- Born: 8 December 1855 Bishopsteignton, Newton Abbot, Devon, England
- Died: 17 December 1902 (aged 47) Milan, Italy
- Occupations: Writer, journalist and editor

= Ponsonby Ogle =

British writer and journalist (1855-1902)

Ponsonby Dugmore Ogle (8 December 1855 – 17 December 1902) was a British writer and journalist, and for a time was editor of The Globe newspaper in London. Later in life he was mistakenly reputed to own a large baronial estate in Massachusetts.

==Biography==
Ogle was born into a well-known English family in Bishopsteignton, near Newton Abbot, Devon, England, on 8 December 1855. He was the second son of Rev. William Reynolds Ogle, Vicar of Bishopsteignton, and had American ancestry on his mother's side. He was educated at Winchester College from 1869, then New College, Oxford from 1876 to 1879, graduating with a BA degree. He worked as private secretary to the Archbishop of Canterbury from 1881.
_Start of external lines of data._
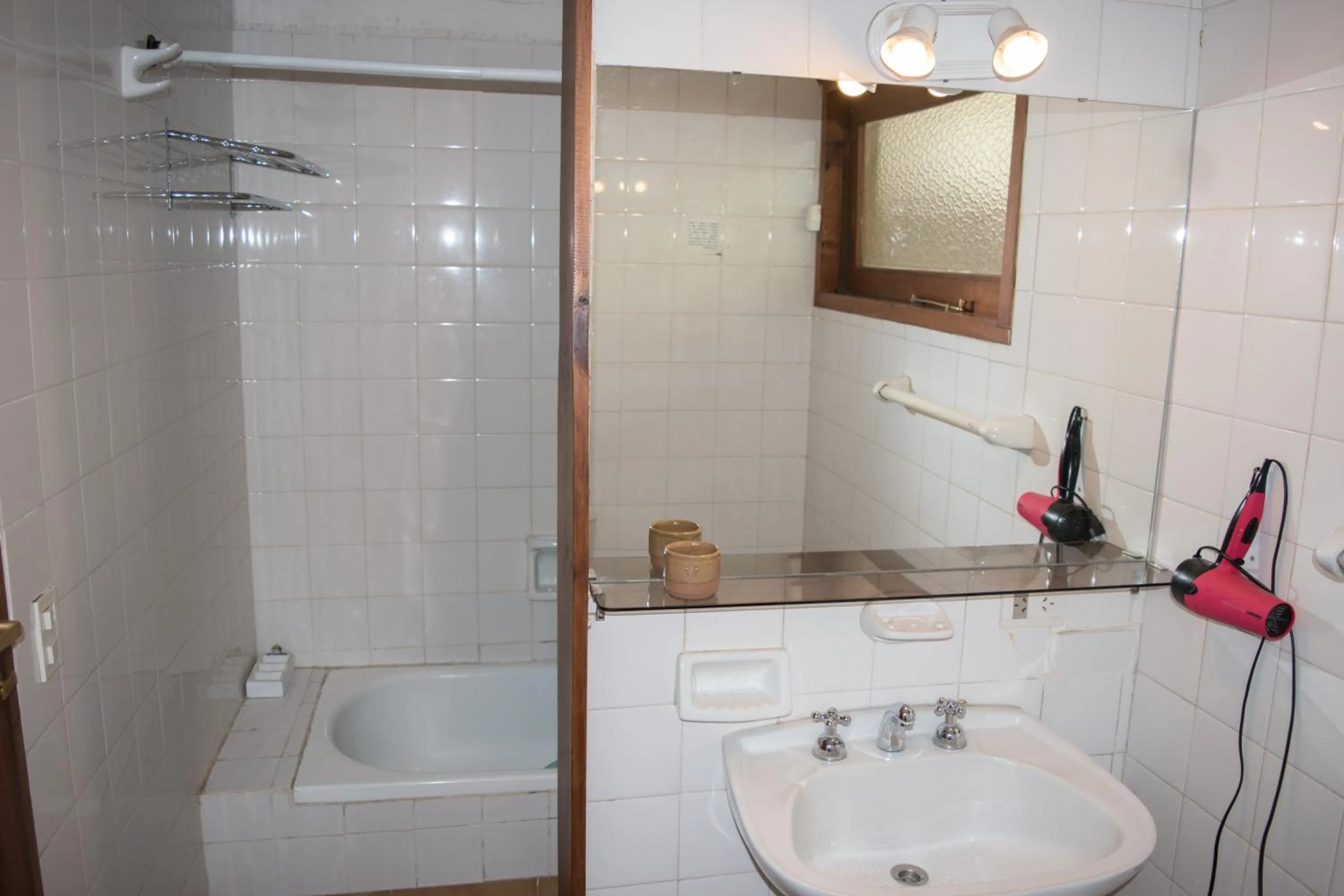 Shower in Cabañas Rucaleufu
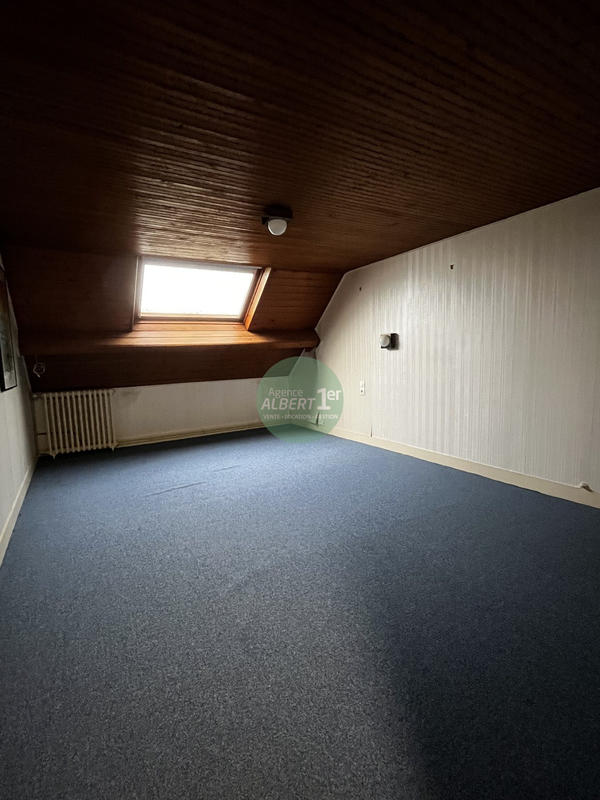 Maison - 215 m² - 8 pièces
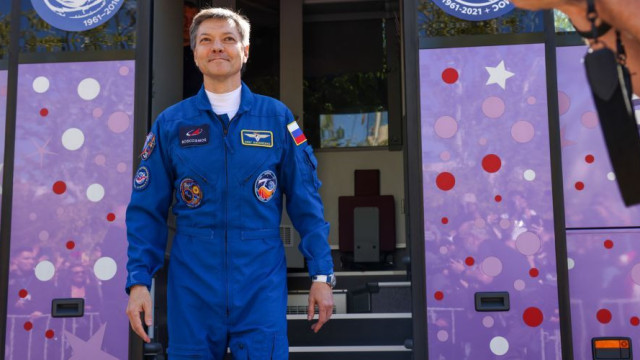 Astronauta de 59 anos estabelece novo recorde de tempo passado no Espaço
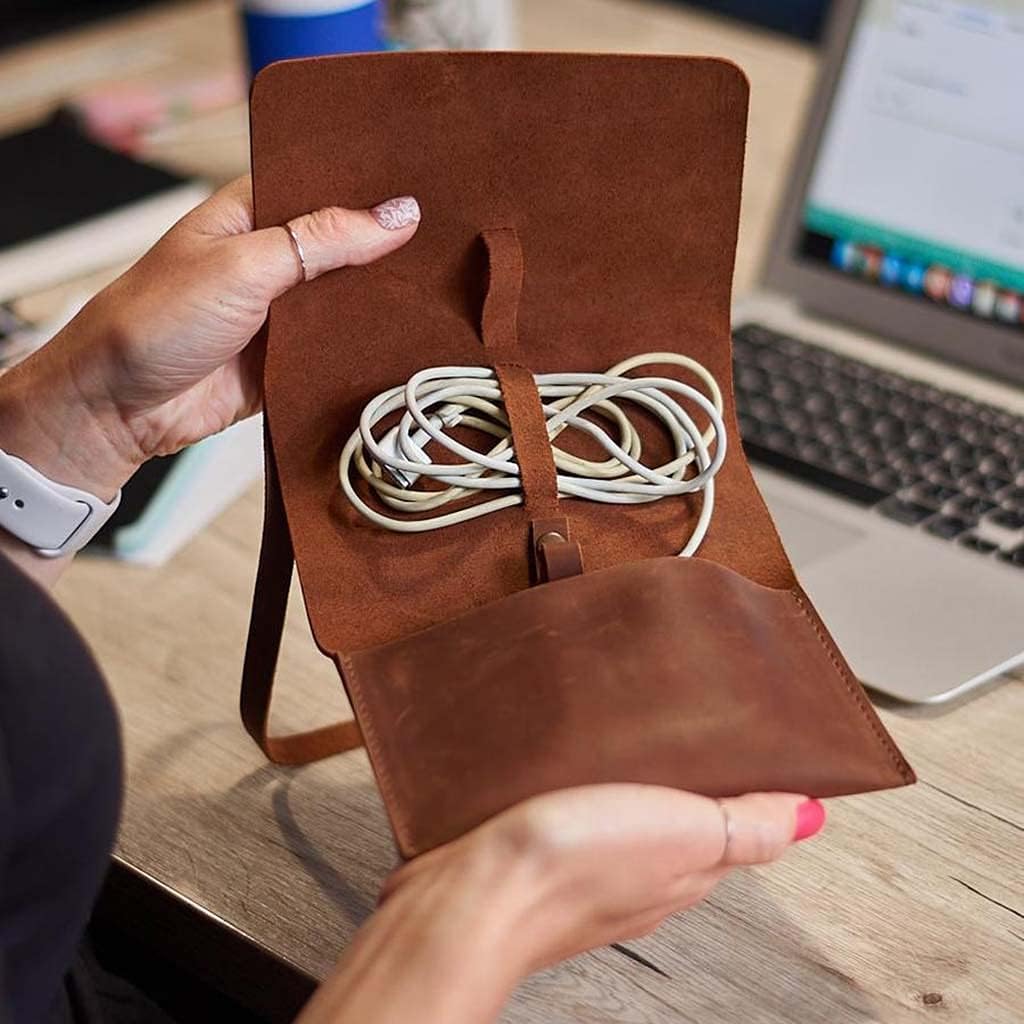 INCARNE Weekend Cable Organizer - Travel Cord Desk Case - TV Kit Cord Bag for Cable Storage - Small Leather Cord Organizer Travel Bag for Electronics Accessories Phone USB Charger (Cognac)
The Globe was the oldest of the London evening newspapers, having been founded in 1803, and in 1871 Captain George C. H. Armstrong (1836–1907) became editor. Ogle took over the role from him in 1886, and was editor until Algernon Locker took control in 1891. During his editorship, Ogle published four short articles by the young Walter Shaw Sparrow, who was later to become a popular and prolific writer.

On 9 July 1891 he married Miss Kate Angeline Rand of Minneapolis, Minnesota, the second daughter of Alonzo Cooper Rand. They spent some time in Minneapolis during October 1891 then stayed with friends in New Haven, Connecticut, returning to Minneapolis in mid-December. Ogle was among those injured in a serious railroad accident at Lima, Ohio on Wednesday 16 December, when a derailment of his train at speed caused four fatalities and numerous injuries, with Ogle suffering cuts to the head.

Ogle and his wife visited America again in 1897, visiting Coronado, California in January and San Francisco at the beginning of March. They sailed from San Francisco to Hawaii on 4 March and spent some time there.

During their life together, they made a number of visits to the United States, and during one visit Ogle bought a farm in The Berkshires, Massachusetts. Described as a "plain, every-day New England farm", it consisted of about two hundred acres and in 1903, after his death, it was valued at $30,000 in the inventory filed in the Probate Court. However, his purchase became the subject of a story printed by a country editor, and soon Ogle gained a totally unfounded reputation as proprietor of five thousand acres, on which, it was said, he was going to create a traditional English country estate. Some reports exaggerated his wealth even further: an Irish newspaper claimed he had bought twenty thousand acres, "to be laid out after the style of an English park, with a game preserve and other features". Try as he might, Ogle was unable to explode this myth and dispel his widespread fame as the owner of a baronial estate, fame that preceded him wherever he went.

After what would turn out to be his final visit to the United States in 1902, he and his wife sailed for Liverpool, England on 19 November 1902 on the steamer RMS Oceanic. He died of pneumonia on 17 December 1902 in Milan, Italy, at the age of 47. In March the following year his widow returned to the United States and to her family. She lived into her late eighties and died in New York on 15 January 1950.

==Works==
Ogle wrote many pieces for The Globe, and also a number of poems. An anthology of his poetry and prose was published in 1908:
- Ponsonby Ogle (1908). "Selections from the writings of Ponsonby Ogle"
This book is still in print.

In the introduction to the book the editor writes of "the peculiar charm of [Ogle's] personality" and his "gallant bearing, his keen, yet kindly wit, his whimsical humor, [and] his unfailing loyalty to old associates and old associations". He continues, "He deliberately chose to explore the byways of life rather than to plod the beaten track; of the average man's ambition he had none – but, then, he was not the average man … he was something much more than that."